Below are the records; output them exactly from the first line through the line with "Puede incluir: Dos", stopping there.

[Data — start]

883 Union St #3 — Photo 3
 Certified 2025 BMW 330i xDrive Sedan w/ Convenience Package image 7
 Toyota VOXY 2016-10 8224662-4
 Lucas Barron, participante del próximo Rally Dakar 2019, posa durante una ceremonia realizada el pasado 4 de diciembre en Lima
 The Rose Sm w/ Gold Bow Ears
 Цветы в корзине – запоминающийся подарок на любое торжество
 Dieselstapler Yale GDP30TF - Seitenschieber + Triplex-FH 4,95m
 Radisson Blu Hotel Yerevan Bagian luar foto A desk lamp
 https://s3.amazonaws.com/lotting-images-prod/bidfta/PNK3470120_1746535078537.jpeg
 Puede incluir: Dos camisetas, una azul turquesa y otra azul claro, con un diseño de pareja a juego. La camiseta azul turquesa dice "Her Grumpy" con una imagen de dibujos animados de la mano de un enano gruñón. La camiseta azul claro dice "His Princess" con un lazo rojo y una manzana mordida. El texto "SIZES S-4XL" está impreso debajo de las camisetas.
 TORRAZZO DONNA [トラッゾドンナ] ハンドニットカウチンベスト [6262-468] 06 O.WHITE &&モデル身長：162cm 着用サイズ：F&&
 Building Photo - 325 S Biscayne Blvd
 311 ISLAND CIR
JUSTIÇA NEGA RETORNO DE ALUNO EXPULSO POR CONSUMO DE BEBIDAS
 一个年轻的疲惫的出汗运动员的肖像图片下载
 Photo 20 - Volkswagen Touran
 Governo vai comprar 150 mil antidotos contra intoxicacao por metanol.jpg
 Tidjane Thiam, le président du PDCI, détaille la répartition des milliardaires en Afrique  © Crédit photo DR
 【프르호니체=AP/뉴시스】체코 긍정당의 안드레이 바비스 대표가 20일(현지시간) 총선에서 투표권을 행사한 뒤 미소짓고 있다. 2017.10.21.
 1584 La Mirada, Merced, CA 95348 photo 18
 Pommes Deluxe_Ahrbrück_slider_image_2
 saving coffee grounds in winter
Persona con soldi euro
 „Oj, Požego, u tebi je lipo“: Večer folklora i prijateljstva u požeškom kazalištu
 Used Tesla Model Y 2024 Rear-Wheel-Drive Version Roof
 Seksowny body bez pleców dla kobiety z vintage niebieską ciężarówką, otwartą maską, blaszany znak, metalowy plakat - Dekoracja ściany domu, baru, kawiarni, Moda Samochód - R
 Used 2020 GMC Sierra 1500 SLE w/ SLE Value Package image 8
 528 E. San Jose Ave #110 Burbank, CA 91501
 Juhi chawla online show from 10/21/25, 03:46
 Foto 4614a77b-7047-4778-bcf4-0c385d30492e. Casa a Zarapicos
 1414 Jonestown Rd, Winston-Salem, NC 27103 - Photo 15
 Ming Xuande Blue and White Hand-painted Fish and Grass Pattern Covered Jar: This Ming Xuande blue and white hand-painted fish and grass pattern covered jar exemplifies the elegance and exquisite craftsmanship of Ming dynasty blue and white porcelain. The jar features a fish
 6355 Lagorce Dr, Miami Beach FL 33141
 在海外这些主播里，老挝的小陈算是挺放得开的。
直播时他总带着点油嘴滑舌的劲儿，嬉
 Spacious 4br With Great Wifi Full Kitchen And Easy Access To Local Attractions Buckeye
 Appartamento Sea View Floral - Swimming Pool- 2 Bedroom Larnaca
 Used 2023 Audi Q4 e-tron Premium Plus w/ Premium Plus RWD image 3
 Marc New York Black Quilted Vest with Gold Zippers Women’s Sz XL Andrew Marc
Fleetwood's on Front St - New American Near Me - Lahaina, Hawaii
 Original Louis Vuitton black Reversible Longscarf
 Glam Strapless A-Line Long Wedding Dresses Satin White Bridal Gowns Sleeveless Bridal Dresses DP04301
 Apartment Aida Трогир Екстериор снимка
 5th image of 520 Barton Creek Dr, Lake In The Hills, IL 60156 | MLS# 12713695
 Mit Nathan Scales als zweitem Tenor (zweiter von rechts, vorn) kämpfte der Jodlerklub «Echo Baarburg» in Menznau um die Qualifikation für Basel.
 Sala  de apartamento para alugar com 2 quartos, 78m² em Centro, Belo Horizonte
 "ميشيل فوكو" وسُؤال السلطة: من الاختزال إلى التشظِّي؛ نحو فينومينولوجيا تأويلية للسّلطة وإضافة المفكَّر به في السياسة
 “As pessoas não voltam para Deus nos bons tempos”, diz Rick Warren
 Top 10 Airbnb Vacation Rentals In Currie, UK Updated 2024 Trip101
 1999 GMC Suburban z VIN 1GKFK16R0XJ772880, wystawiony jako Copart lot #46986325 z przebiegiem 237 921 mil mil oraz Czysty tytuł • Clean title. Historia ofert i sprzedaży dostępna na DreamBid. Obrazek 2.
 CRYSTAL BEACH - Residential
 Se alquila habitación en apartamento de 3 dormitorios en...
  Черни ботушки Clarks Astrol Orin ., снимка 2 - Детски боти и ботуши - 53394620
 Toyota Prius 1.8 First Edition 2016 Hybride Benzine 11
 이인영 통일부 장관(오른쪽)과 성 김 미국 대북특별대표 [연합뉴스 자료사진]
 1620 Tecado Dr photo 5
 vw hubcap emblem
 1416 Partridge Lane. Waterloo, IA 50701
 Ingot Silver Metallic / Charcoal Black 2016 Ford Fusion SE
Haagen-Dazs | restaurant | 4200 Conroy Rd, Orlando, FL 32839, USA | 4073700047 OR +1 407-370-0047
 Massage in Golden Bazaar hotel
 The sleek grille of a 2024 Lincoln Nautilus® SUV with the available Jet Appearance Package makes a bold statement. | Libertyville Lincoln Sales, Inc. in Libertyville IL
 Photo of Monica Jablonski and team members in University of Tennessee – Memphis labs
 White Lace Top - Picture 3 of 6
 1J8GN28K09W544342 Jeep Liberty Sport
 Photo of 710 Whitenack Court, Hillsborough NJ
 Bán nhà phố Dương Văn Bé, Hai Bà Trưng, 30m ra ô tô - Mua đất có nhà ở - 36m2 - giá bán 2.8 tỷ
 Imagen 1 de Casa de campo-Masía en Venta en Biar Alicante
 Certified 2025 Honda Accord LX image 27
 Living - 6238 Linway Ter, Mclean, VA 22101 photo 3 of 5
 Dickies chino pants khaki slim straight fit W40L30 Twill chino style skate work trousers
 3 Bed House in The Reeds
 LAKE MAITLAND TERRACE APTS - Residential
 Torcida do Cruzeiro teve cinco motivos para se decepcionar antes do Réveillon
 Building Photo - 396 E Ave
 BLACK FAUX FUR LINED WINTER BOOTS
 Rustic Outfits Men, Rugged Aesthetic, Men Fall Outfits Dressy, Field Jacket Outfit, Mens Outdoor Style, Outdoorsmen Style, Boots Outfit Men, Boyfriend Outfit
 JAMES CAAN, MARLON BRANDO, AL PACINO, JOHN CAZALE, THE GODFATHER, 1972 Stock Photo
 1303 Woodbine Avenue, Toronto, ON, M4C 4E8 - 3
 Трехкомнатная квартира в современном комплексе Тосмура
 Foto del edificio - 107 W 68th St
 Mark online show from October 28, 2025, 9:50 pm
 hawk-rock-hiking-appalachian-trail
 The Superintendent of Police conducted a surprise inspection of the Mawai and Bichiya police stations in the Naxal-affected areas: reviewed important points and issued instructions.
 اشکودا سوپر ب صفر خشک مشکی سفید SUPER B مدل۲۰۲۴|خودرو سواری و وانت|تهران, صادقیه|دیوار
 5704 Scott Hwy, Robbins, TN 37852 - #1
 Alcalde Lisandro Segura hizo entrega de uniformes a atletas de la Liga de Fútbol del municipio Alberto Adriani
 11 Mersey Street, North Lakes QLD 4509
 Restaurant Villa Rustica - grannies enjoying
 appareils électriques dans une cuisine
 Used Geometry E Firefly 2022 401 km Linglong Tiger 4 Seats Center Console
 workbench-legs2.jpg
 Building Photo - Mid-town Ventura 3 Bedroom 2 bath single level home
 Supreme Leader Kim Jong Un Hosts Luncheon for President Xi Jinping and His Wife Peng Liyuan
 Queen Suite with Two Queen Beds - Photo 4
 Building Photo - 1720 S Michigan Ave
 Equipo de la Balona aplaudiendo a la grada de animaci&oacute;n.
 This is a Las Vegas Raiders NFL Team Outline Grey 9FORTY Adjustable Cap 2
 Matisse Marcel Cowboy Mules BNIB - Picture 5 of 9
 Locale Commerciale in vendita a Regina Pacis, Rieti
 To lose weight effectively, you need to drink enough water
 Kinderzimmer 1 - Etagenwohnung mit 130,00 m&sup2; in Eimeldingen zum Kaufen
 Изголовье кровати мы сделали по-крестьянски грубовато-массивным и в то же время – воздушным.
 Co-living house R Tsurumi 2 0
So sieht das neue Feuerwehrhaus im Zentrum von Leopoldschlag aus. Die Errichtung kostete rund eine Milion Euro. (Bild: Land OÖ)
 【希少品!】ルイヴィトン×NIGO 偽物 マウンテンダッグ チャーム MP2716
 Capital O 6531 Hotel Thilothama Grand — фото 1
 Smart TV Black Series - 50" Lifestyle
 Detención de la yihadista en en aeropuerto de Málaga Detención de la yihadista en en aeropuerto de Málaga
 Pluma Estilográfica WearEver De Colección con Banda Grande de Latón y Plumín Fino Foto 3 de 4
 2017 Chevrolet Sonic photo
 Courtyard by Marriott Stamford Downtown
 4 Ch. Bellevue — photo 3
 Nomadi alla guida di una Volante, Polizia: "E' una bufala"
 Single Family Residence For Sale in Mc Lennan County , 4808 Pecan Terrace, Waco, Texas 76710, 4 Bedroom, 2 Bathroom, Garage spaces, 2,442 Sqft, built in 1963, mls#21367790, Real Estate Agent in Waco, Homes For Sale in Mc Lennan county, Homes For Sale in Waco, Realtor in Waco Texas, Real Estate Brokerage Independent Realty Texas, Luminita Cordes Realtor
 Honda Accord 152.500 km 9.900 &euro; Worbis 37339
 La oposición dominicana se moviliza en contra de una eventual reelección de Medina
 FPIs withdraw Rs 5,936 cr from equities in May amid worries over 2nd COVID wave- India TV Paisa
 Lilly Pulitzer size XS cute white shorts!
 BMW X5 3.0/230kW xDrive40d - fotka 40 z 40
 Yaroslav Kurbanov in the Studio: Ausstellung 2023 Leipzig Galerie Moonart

[Data — finish]

Task response »
883 Union St #3 — Photo 3
 Certified 2025 BMW 330i xDrive Sedan w/ Convenience Package image 7
 Toyota VOXY 2016-10 8224662-4
 Lucas Barron, participante del próximo Rally Dakar 2019, posa durante una ceremonia realizada el pasado 4 de diciembre en Lima
 The Rose Sm w/ Gold Bow Ears
 Цветы в корзине – запоминающийся подарок на любое торжество
 Dieselstapler Yale GDP30TF - Seitenschieber + Triplex-FH 4,95m
 Radisson Blu Hotel Yerevan Bagian luar foto A desk lamp
 https://s3.amazonaws.com/lotting-images-prod/bidfta/PNK3470120_1746535078537.jpeg
 Puede incluir: Dos camisetas, una azul turquesa y otra azul claro, con un diseño de pareja a juego. La camiseta azul turquesa dice "Her Grumpy" con una imagen de dibujos animados de la mano de un enano gruñón. La camiseta azul claro dice "His Princess" con un lazo rojo y una manzana mordida. El texto "SIZES S-4XL" está impreso debajo de las camisetas.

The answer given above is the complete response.